Seeing these comments from the peanut gallery brought to mind an interesting
memory from middle school -- eighth grade I believe.
It was a schoolyard scrap between two of the heavyweight contenders -- one
of many matches and rematches in a long line of slugfests among the
slugerati of middle school.
As usual, the fisticuffs attracted a mighty crowd, and as usual the scrawny
nerds were in the front row, cheering and screaming and waving their little
fists. Keeping the crowd back with arms outstretched behind them -- and at
the same time forming a kind of ring for the fighters -- were some of the
other school sluggers.
It was a spirited match that ended pretty much a draw, with both
combatatants slugged out and panting for air. Just as the action was winding
down into general groping and grasping, one of the little hamsters in the
front, eyes glazed over with blood lust, screamed out some kind of comment
to the effect of, "Come on, let's go. You call this a fight?"

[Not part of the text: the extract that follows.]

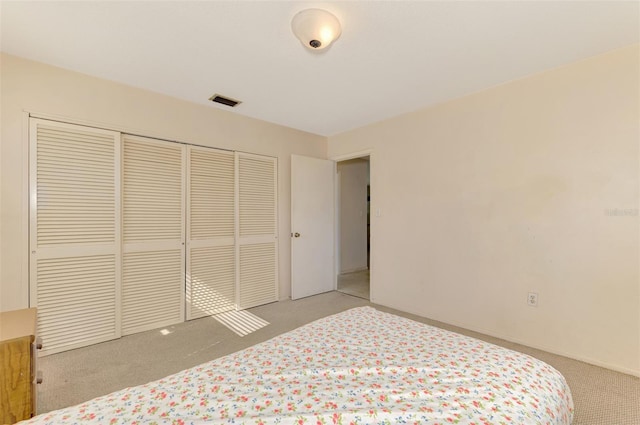 bedroom with light carpet and a closet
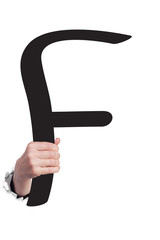 Hand breaking paper surface holding letter 'F'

Well that turned all eyes on the little rodent, who quickly sprouted a big
"Oops" bubble above his head. One of the big kids who was on crowd control
quickly administered a cuff upside the head, along with some words of
remonstration, to the effect of "who the heck asked you?" -- and then the
mob dived in.
The next instant our little rodent was being tossed around by the angry mob
like an unfortuante rag doll. A monster wedgie was the crowning indignity as
I recall.
Wow. I hadn't thought of that story in years. Thanks to Rich, Lou, and
Hemingway for sparking that memory.
I sometimes try to picture how some of these kids from middle school might
have grown up, trying to picture the kind of people they have become later
in life, how they might behave in certain situations.
I think I have a pretty good picture of what that unfortunate little
spectator would be doing right about now.
Regards,
Gordon.
"Lou" wrote in message
oups.com...
Can I administer the meds?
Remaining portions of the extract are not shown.